Caption-style text data
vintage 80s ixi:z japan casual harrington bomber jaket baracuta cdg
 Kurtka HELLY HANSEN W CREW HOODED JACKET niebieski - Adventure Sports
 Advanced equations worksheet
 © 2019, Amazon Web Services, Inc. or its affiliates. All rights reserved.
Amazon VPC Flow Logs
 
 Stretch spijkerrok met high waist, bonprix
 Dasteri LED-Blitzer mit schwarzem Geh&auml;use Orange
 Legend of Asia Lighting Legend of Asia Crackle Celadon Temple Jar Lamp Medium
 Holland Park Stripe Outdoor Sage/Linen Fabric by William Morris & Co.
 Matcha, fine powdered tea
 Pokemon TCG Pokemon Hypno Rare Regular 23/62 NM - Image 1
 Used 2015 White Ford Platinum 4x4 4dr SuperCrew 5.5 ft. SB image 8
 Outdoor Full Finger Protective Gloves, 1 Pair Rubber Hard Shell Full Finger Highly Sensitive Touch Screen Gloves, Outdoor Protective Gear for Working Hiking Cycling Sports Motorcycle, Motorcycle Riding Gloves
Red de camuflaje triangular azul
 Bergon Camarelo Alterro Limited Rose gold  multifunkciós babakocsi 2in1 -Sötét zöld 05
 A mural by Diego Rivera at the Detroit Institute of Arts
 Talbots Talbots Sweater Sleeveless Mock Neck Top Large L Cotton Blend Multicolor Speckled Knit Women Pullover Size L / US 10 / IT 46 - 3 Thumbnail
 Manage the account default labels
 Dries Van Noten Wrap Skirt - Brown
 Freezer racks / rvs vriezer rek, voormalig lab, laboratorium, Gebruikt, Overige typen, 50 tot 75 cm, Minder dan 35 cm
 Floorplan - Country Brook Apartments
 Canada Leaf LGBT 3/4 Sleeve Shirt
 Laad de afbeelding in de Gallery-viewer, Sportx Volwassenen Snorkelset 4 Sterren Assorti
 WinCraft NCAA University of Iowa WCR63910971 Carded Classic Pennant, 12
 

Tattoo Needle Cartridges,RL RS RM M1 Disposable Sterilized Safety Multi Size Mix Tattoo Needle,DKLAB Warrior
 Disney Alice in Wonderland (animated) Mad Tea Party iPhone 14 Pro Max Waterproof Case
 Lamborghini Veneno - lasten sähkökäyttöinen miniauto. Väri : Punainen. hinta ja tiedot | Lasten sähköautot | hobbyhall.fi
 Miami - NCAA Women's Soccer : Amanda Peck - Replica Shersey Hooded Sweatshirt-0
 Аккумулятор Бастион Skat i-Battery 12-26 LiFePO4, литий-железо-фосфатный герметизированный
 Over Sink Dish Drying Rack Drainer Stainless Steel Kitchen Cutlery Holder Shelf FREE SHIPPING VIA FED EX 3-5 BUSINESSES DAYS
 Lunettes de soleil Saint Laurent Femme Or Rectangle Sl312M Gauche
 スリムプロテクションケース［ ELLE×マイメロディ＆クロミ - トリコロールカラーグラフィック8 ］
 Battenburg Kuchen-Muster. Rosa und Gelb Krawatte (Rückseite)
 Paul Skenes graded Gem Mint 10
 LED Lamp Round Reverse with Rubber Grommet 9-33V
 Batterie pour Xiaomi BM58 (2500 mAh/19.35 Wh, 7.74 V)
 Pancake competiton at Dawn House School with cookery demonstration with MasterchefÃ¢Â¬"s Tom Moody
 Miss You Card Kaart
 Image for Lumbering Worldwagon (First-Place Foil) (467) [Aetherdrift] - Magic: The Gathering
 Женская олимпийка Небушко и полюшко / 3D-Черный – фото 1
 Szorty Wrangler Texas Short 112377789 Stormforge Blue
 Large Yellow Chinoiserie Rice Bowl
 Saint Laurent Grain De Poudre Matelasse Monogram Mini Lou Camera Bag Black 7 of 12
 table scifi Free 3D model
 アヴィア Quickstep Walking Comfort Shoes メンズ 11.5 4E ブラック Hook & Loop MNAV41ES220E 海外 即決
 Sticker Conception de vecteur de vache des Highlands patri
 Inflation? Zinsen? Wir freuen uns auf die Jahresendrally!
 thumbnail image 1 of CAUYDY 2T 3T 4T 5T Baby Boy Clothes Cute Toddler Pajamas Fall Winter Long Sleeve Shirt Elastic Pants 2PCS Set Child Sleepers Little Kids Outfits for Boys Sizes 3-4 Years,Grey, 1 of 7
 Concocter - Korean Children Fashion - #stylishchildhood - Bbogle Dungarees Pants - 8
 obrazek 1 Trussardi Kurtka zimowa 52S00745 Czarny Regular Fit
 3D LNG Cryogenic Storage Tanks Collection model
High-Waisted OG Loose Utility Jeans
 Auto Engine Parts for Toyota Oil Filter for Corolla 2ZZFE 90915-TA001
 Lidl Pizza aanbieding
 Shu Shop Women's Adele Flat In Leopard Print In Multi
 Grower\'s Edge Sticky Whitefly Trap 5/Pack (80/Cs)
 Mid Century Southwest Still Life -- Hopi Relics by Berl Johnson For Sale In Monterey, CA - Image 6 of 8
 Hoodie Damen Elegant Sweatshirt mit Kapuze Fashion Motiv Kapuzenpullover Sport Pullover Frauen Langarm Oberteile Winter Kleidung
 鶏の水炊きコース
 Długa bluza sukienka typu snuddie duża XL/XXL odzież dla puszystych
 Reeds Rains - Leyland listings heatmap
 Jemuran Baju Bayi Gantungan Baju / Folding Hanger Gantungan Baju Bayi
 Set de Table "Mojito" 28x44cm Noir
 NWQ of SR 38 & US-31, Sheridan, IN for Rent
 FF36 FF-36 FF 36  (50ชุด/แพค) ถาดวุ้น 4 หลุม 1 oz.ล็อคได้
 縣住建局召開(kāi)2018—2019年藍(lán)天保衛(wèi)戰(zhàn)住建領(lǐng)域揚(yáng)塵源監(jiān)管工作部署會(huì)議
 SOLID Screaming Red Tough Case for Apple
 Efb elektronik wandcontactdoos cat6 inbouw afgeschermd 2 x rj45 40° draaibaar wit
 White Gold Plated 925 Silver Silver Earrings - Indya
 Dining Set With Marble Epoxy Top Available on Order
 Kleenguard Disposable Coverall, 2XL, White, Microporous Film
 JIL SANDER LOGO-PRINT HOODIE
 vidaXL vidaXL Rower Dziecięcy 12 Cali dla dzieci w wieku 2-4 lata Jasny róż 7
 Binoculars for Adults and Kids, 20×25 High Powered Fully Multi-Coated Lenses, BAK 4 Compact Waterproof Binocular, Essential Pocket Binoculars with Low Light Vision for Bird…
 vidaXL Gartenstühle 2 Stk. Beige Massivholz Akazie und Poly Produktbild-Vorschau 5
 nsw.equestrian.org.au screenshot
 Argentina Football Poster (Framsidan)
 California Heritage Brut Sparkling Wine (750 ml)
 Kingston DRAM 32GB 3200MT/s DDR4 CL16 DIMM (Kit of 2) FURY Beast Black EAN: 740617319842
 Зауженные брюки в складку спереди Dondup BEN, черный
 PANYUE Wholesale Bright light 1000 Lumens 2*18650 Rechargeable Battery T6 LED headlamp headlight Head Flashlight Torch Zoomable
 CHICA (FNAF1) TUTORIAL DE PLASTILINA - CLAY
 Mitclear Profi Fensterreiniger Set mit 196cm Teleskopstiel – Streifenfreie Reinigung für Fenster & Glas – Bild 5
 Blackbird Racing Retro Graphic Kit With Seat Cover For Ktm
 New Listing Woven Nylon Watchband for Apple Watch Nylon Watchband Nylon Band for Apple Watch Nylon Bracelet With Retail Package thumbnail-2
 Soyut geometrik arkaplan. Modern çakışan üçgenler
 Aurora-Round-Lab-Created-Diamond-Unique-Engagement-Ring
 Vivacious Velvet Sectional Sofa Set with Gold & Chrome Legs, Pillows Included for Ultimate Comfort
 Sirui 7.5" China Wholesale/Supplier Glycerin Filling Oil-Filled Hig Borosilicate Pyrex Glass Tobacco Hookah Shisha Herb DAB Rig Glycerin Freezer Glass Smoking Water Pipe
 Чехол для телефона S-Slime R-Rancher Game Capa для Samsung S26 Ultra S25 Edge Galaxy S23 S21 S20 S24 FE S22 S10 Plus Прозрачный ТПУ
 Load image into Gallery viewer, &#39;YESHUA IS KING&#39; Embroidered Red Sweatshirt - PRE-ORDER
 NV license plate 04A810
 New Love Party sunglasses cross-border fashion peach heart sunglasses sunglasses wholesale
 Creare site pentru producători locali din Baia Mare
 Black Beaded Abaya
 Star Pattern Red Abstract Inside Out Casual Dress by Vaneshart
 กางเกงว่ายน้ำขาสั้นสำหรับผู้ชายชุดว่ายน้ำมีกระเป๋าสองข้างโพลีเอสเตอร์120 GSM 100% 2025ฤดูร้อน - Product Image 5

**Work order**
Only one stretch of the records above is wanted: the lines between the one holding "Jemuran Baju Bayi" and the one holding "SOLID Screaming Red Tough Case for Apple", inclusive, reproduced exactly.

**Your solution**
 Jemuran Baju Bayi Gantungan Baju / Folding Hanger Gantungan Baju Bayi
 Set de Table "Mojito" 28x44cm Noir
 NWQ of SR 38 & US-31, Sheridan, IN for Rent
 FF36 FF-36 FF 36  (50ชุด/แพค) ถาดวุ้น 4 หลุม 1 oz.ล็อคได้
 縣住建局召開(kāi)2018—2019年藍(lán)天保衛(wèi)戰(zhàn)住建領(lǐng)域揚(yáng)塵源監(jiān)管工作部署會(huì)議
 SOLID Screaming Red Tough Case for Apple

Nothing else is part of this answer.